Screens with a molded lenticular surface are frequently used with projection television systems. In this case, the purpose of the lenses is to focus more of the light into a horizontal beam and allow less of the light to escape above and below the plane of the viewer. In this way, the apparent brightness of the image is increased.

Ordinary front-projection screens can also be described as lenticular. In this case, rather than transparent lenses, the shapes formed are tiny curved reflectors.

3D television

As of 2010, a number of manufacturers were developing auto-stereoscopic high definition 3D televisions, using lenticular lens systems to avoid the need for special spectacles. One of these, Chinese manufacturer TCL, was selling a 42" LCD model—the TD-42F—in China for around US\$20,000.[3]

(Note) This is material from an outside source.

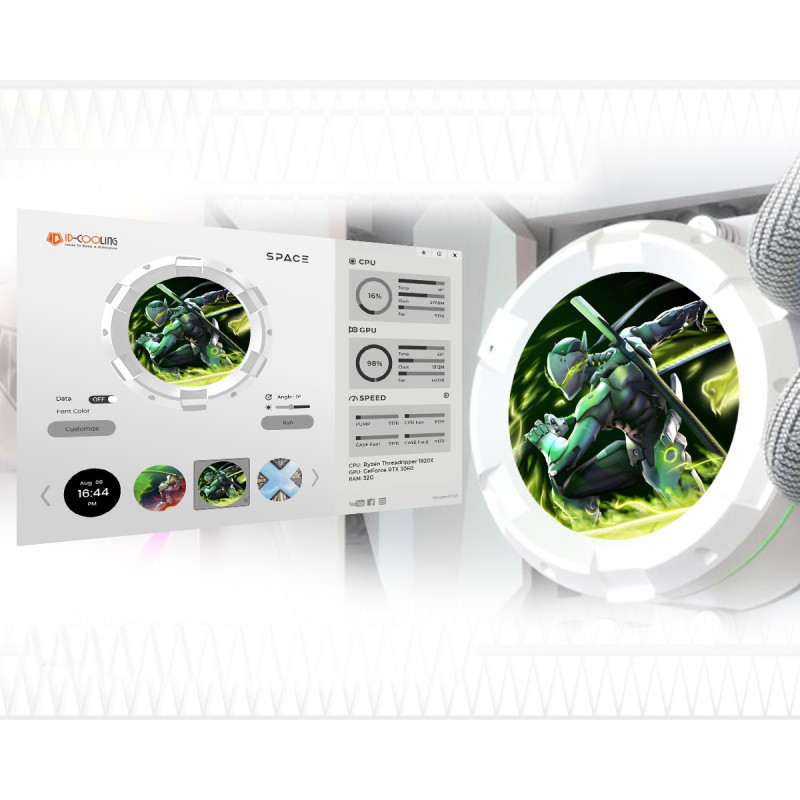 ID-Cooling  SL240 XE White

Lenticular color motion picture processes

Lenticular lenses were used in early color motion picture processes of the 1920s such as the Keller-Dorian system and Kodacolor. This enabled color pictures with the use of merely monochrome film stock.[4]

Angle of view of a lenticular print

The angle of view of a lenticular print is the range of angles within which the observer can see the entire image. This is determined by the maximum angle at which a ray can leave the image through the correct lenticule.

Angle within the lens

The diagram at right shows in green the most extreme ray within the lenticular lens that will be refracted correctly by the lens. This ray leaves one edge of an image strip (at the lower right) and exits through the opposite edge of the corresponding lenticule.

Definitions

• $R$ is the angle between the extreme ray and the normal at the point where it exits the lens,
• $p$ is the pitch, or width of each lenticular cell,
• $r$ is the radius of curvature of the lenticule,
• $e$ is the thickness of the lenticular lens
• $h$ is the thickness of the substrate below the curved surface of the lens, and
• $n$ is the lens's index of refraction.

Calculation

$R=A-\arctan\left({p \over h}\right)$,

where

$A=\arcsin \left({p \over 2r}\right)$,
$h=e-f$ is the distance from the back of the grating to the edge of the lenticule, and
$f=r-\sqrt{r^2-\left({p \over 2}\right)^2}$.

Angle outside the lens

The angle outside the lens is given by refraction of the ray determined above. The full angle of observation $O$ is given by

$O=2(A-I)$,

where $I$ is the angle between the extreme ray and the normal outside the lens. From Snell's Law,

$I=\arcsin \left({n\sin(R) \over n_a}\right)$,

where $n_a \approx 1.003$ is the index of refraction of air.

Example

Consider a lenticular print that has lenses with 336.65 µm pitch, 190.5 µm radius of curvature, 457 µm thickness, and an index of refraction of 1.557. The full angle of observation $O$ would be 64.6°.

Rear focal plane of a lenticular network

The focal length of the lens is calculated from the lensmaker's equation, which in this case simplifies to:

$F={r \over n-1}$,

where $F$ is the focal length of the lens.

The back focal plane is located at a distance $BFD$ from the back of the lens:

$BFD=F- {e \over n}.$

A negative BFD indicates that the focal plane lies inside the lens.

In most cases, lenticular lenses are designed to have the rear focal plane coincide with the back plane of the lens. The condition for this coincidence is $BFD=0$, or

$e={nr \over n-1}.$

This equation imposes a relation between the lens thickness $e$ and its radius of curvature $r$.

Example

The lenticular lens in the example above has focal length 342 µm and back focal distance 48 µm, indicating that the focal plane of the lens falls 48 micrometers behind the image printed on the back of the lens.